* **PROBLEM DESCRIPTION**
The records below must be repeated exactly, but without their pictures.

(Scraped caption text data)
****************

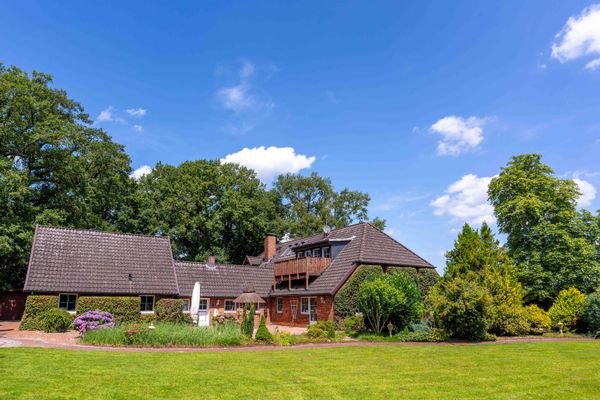 Hausansicht vom Garten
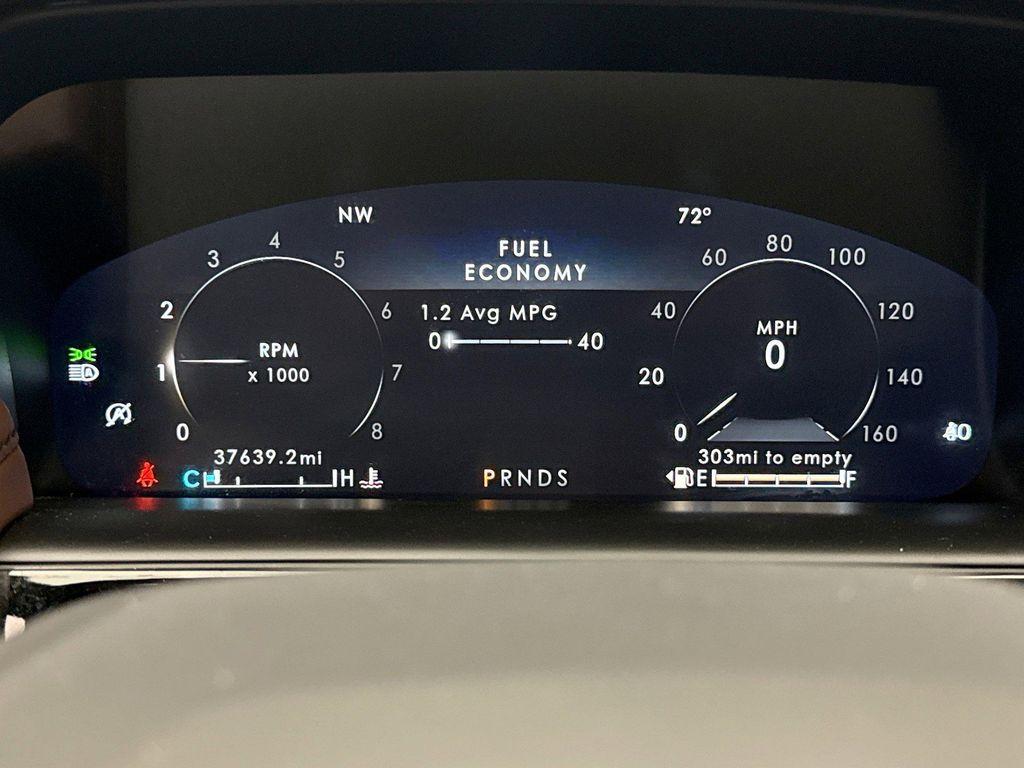 used 2022 Lincoln Nautilus car, priced at $35,098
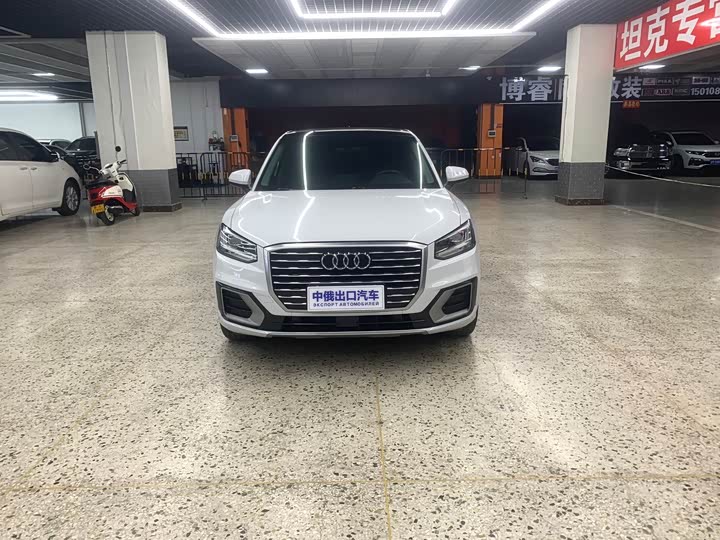 Фото 2 - Audi Q2L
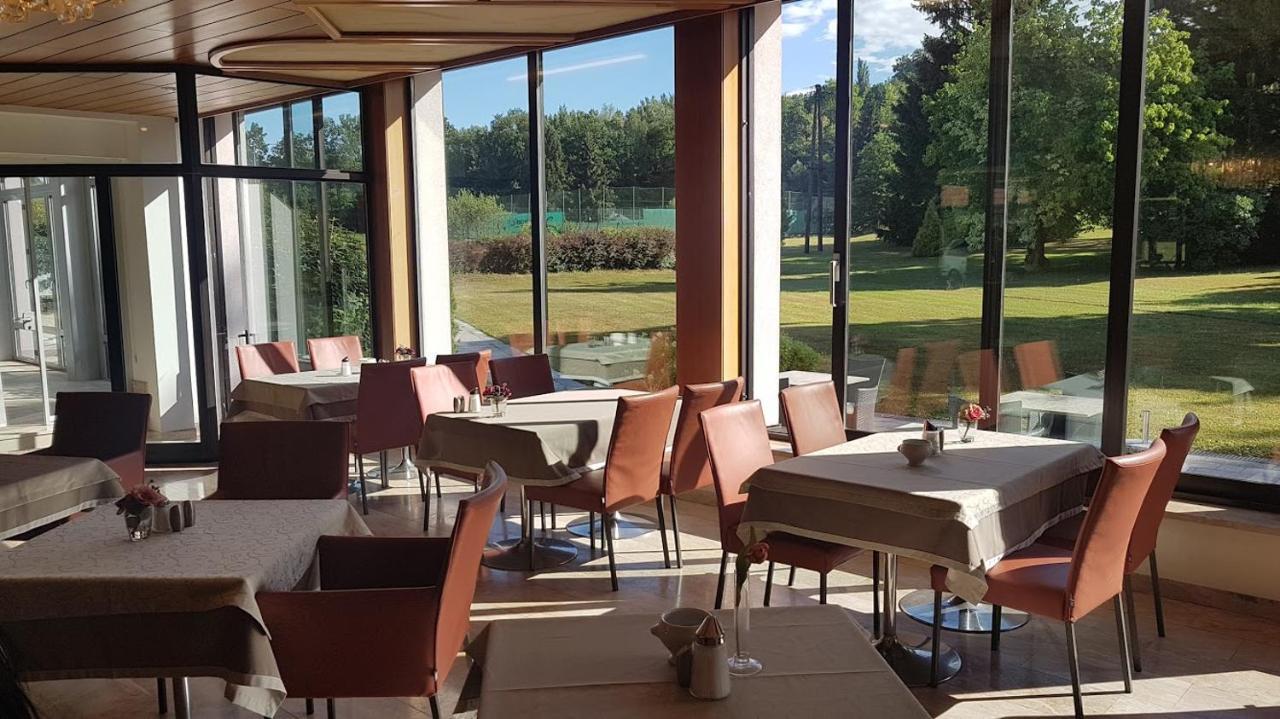 Hotel Alhartinger Hof Leonding Exteriör bild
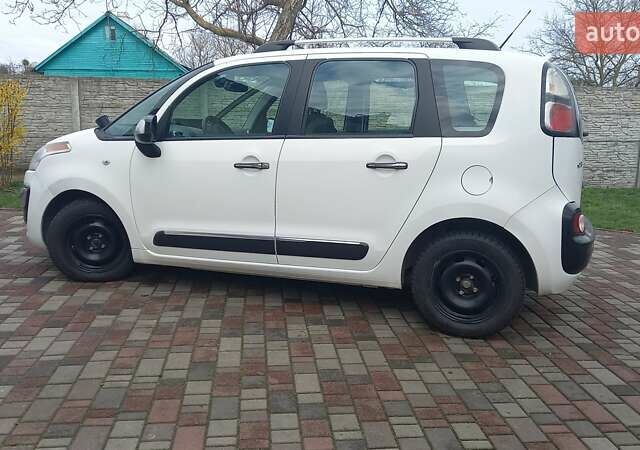 Білий Сітроен С3 Пікассо, об'ємом двигуна 1.56 л та пробігом 335 тис. км за 6700 $, фото 1 на Automoto.ua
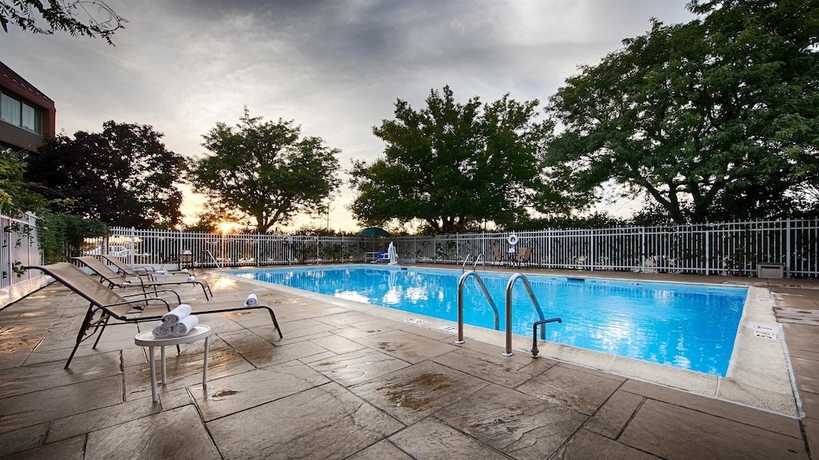Imagen de la piscina del Hotel Best Western Plus Chicago Hillside. Foto 19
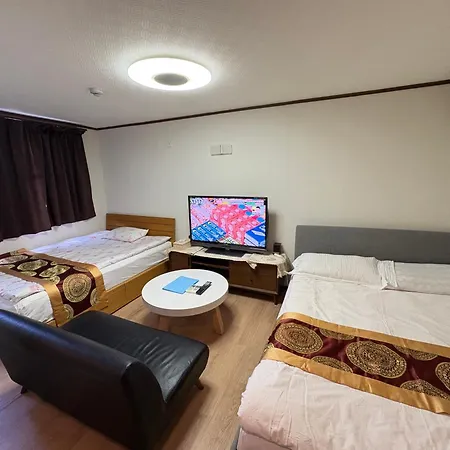 Hostel Sunflower 302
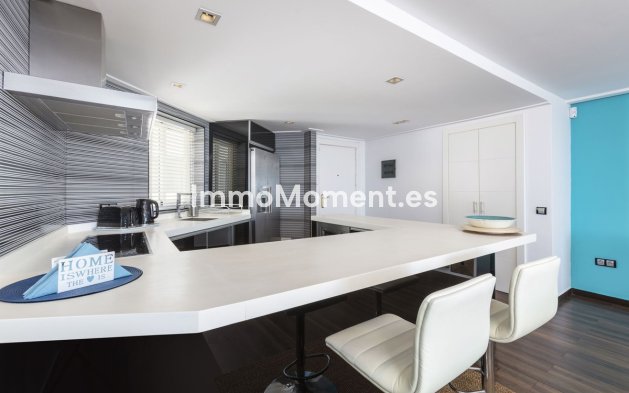 Resale - Apartment - Marbella - Puerto Banús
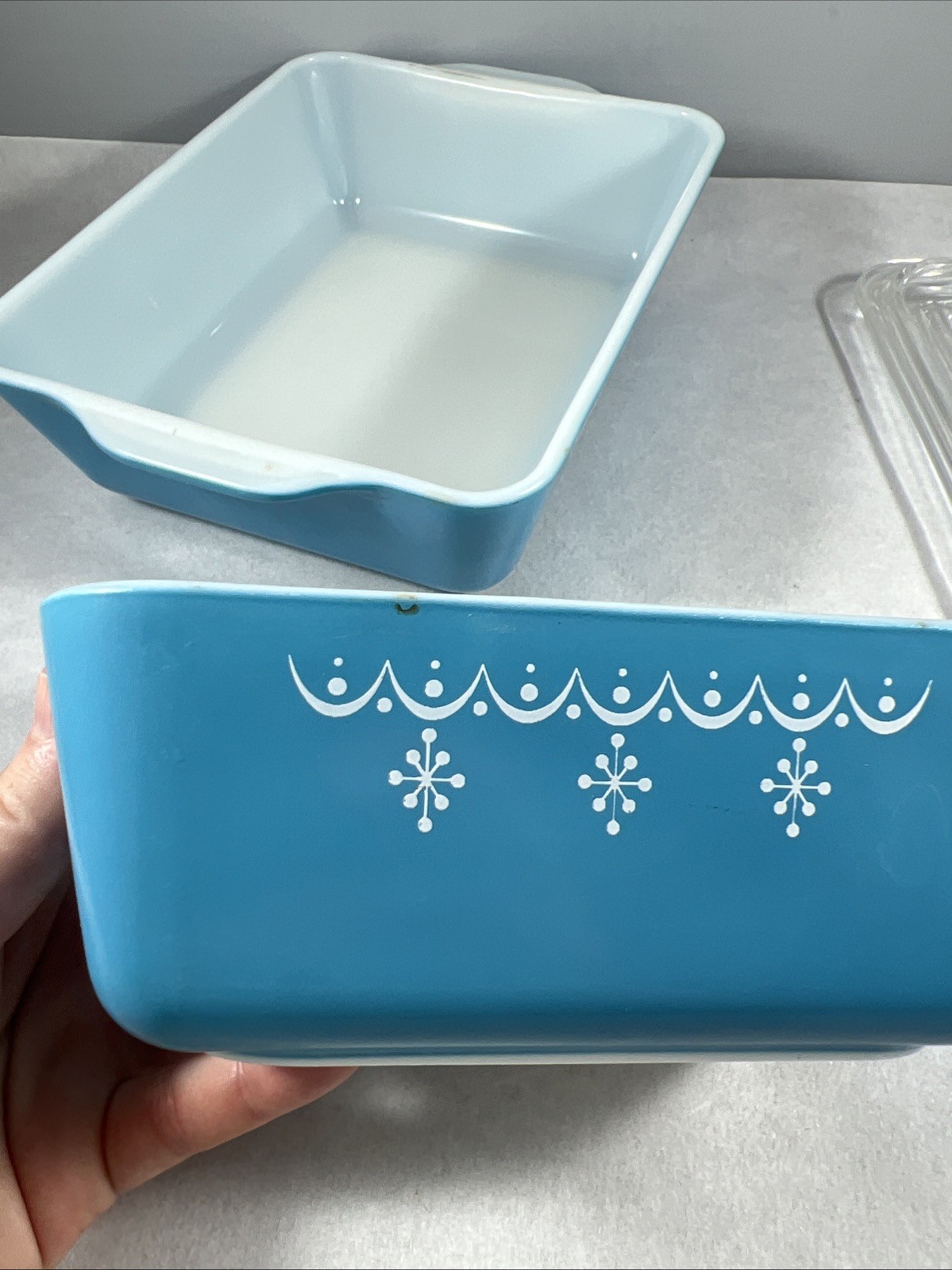 PYREX Snowflake Blue Garland 503 Dish 1 1/2 Qt Ribbed Glass Lid + 1 1/2 pt dish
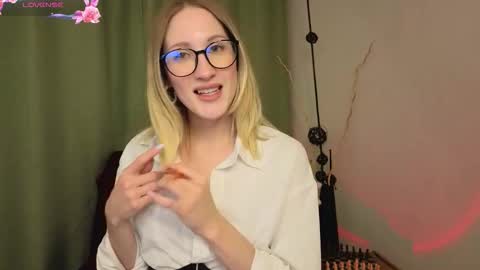 Kate online show from September 24, 11:17 am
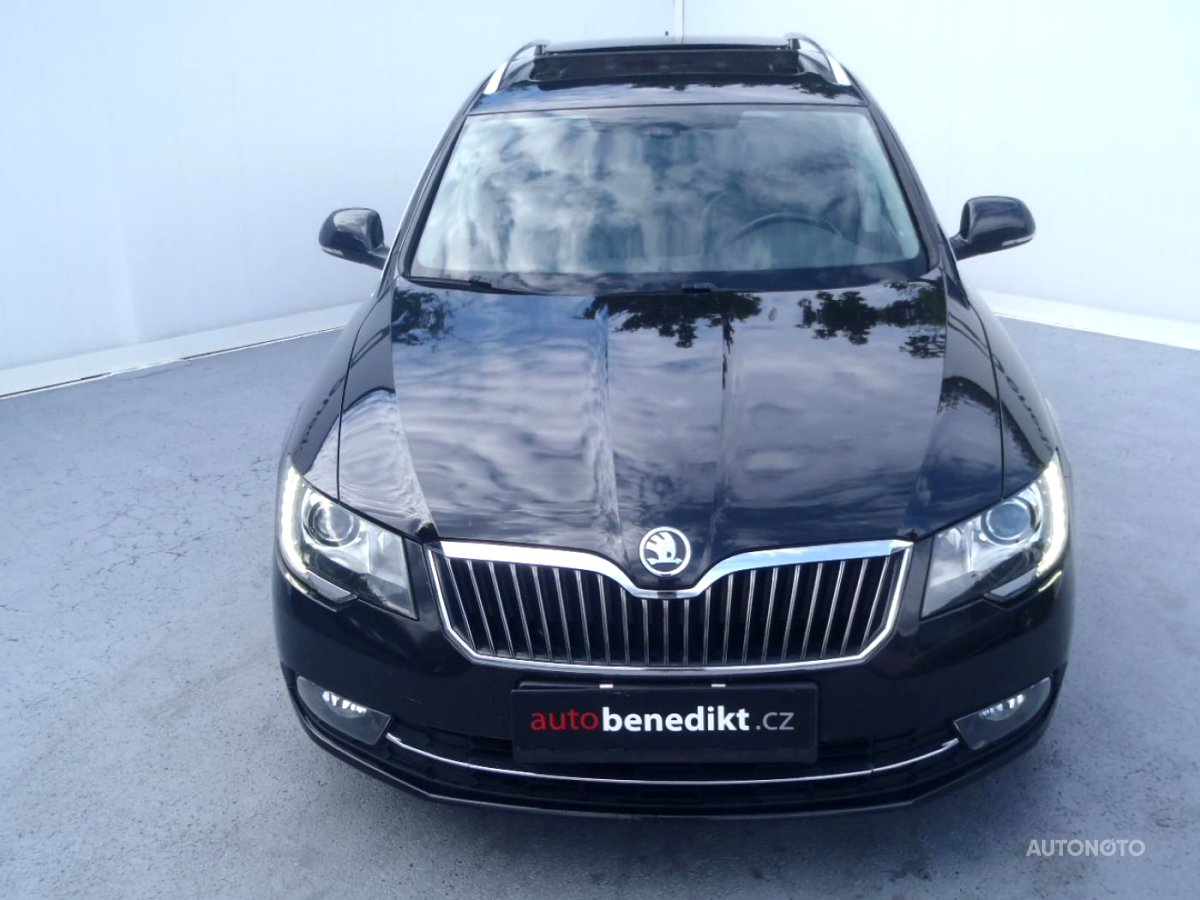 Škoda Superb, 2014 - pohled č. 2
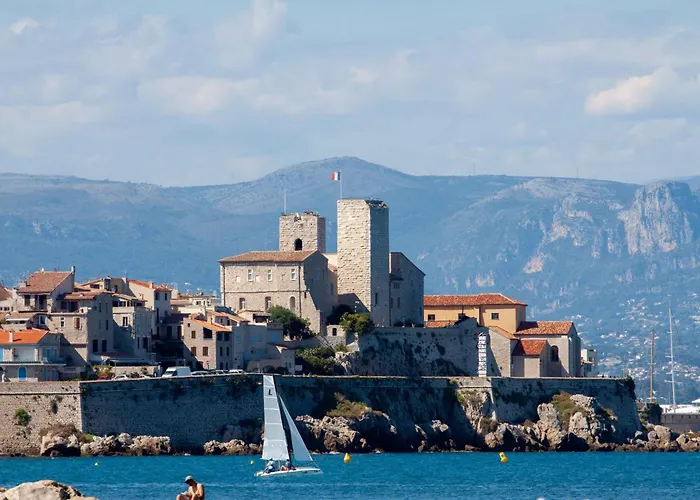 Modern In The Heart Of Cap D'antibes Apartman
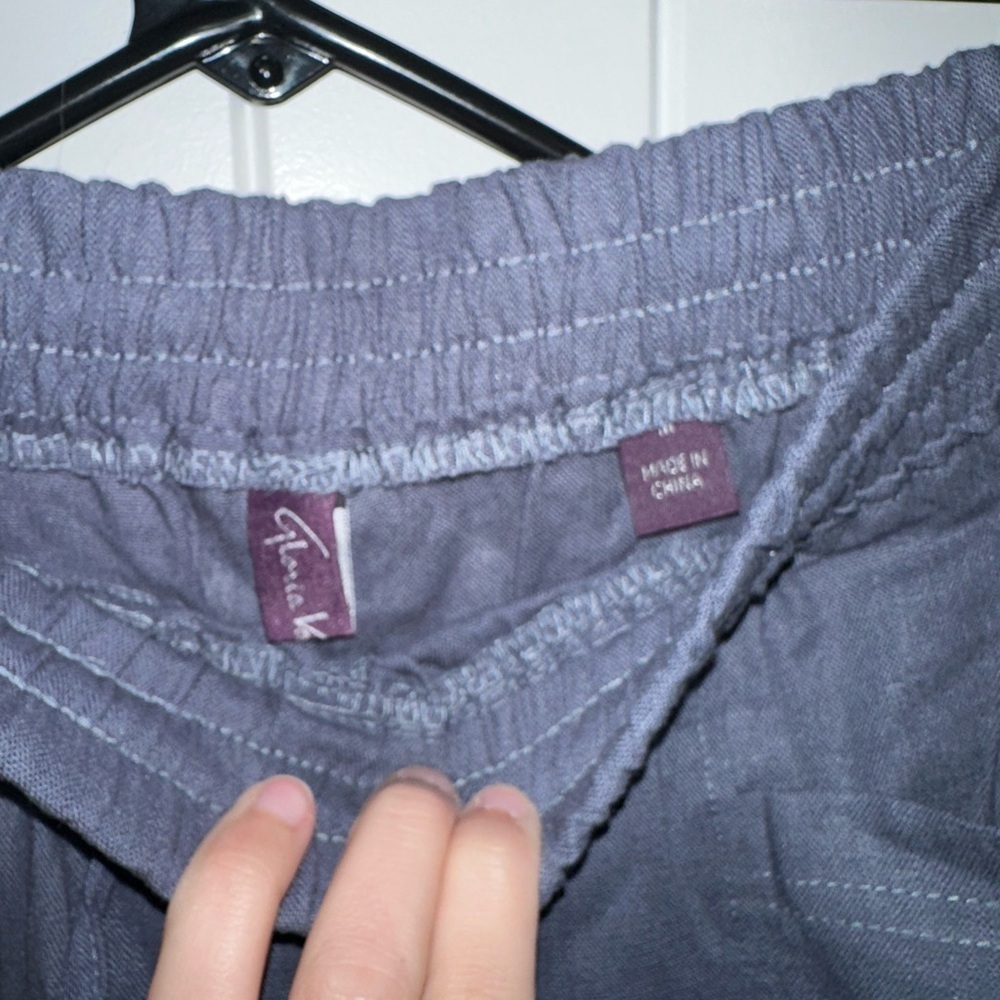Gloria Vanderbilt Women Shorts - Picture 3 of 4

****************

* **ANSWER TO THIS TASK**
 Hausansicht vom Garten
 used 2022 Lincoln Nautilus car, priced at $35,098
 Фото 2 - Audi Q2L
 Hotel Alhartinger Hof Leonding Exteriör bild
 Білий Сітроен С3 Пікассо, об'ємом двигуна 1.56 л та пробігом 335 тис. км за 6700 $, фото 1 на Automoto.ua
Imagen de la piscina del Hotel Best Western Plus Chicago Hillside. Foto 19
 Hostel Sunflower 302
 Resale - Apartment - Marbella - Puerto Banús
 PYREX Snowflake Blue Garland 503 Dish 1 1/2 Qt Ribbed Glass Lid + 1 1/2 pt dish
 Kate online show from September 24, 11:17 am
 Škoda Superb, 2014 - pohled č. 2
 Modern In The Heart Of Cap D'antibes Apartman
Gloria Vanderbilt Women Shorts - Picture 3 of 4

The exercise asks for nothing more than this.